Die Gewalt eskalierte seit etwa 2010; es begann mit dem Fällen palästinensischer Olivenbäume, Steinwürfen auf palästinensische Autos und Störaktionen gegen arabische Bauern bei der Feldarbeit.[43]

Die Aktionen werden kurzfristig verabredet und verstehen sich als Reaktion auf eine Äußerung eines bekannten Politikers, eine terroristische Attacke oder auf die Räumung einer illegalen Siedlung.[44] Diese Art von Vergeltung wird auch als „Preisschild“-Attacke bezeichnet, der israelische Staat soll durch Akte von Vandalismus einen Preis für politische Maßnahmen zahlen. Das Ziel ist meist fußläufig erreichbar, oder es wird ein Fahrzeug organisiert. Da die Aktion des Nachts stattfindet, sind Zusammenstöße mit der israelischen Armee oder der lokalen Polizei nicht zu erwarten: „Es scheint, als ob die Ordnungskräfte die Augen verschlössen gegenüber dem, was sich da direkt vor ihrer Nase abspielt.“[44]

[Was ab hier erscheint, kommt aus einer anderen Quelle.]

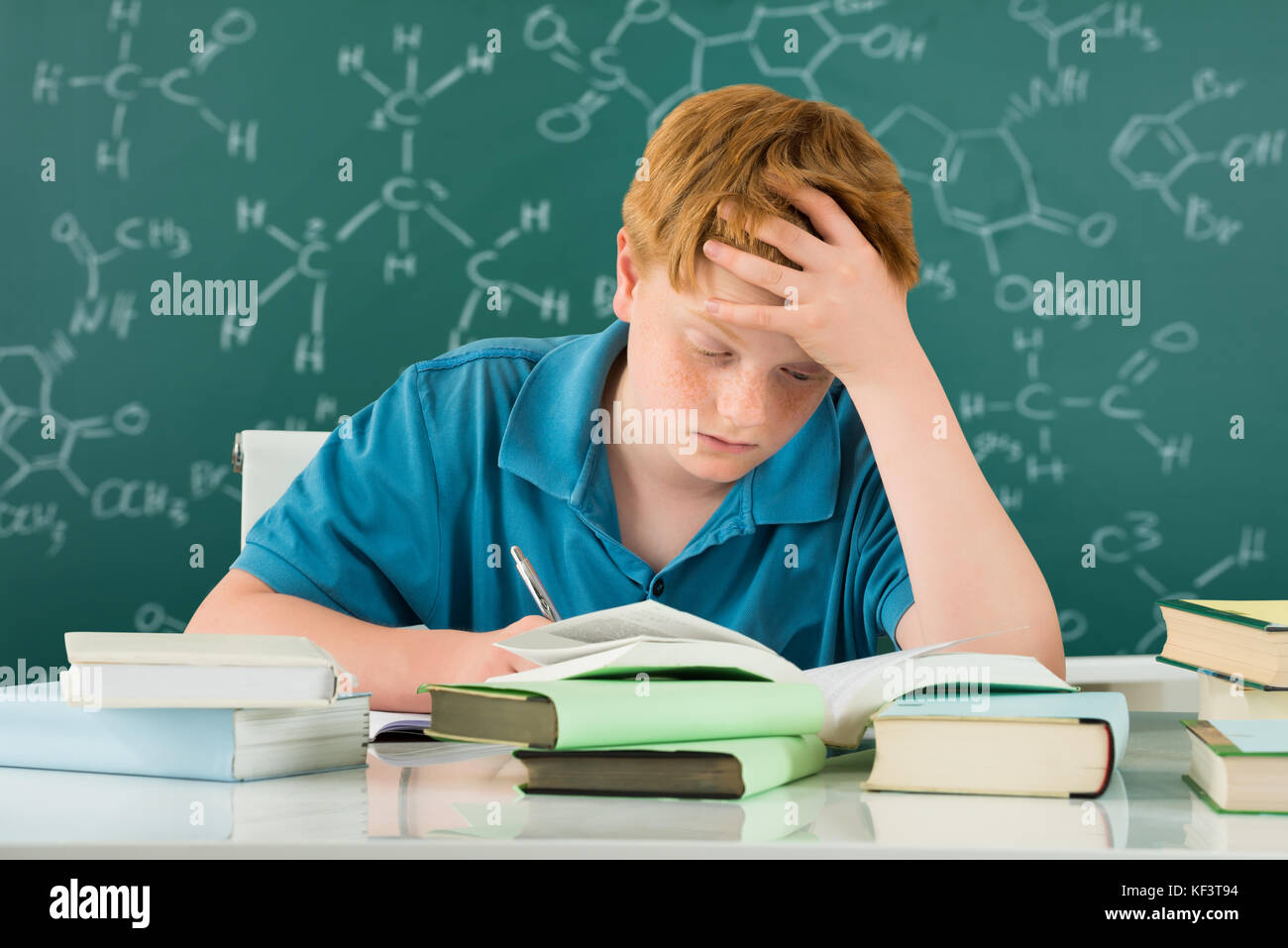 Stanco ragazzo studiare in aula con libri sulla scrivania Foto Stock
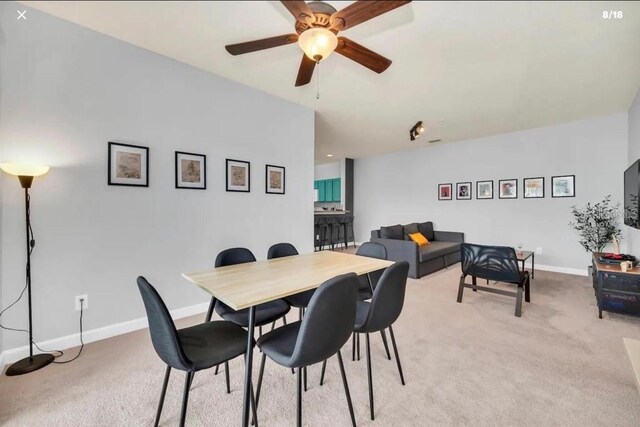 3175 Feltrim Pl Unit 405, Kissimmee, FL 34747 - dining area featuring light colored carpet and a ceiling fan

Nach Einschätzung israelischer Ermittlungsbehörden vom 29. Juli 2015 gab es eine radikalisierte Gruppe innerhalb der Hilltop Youth, die seit 2013 den Sturz der israelischen Regierung plante und durch verschiedene Aktionen die „Erlösung“ herbeiführen wollte. Der Kopf dieser Gruppe sei unter Auflagen aus der Haft entlassen worden und wohne in Safed.[45]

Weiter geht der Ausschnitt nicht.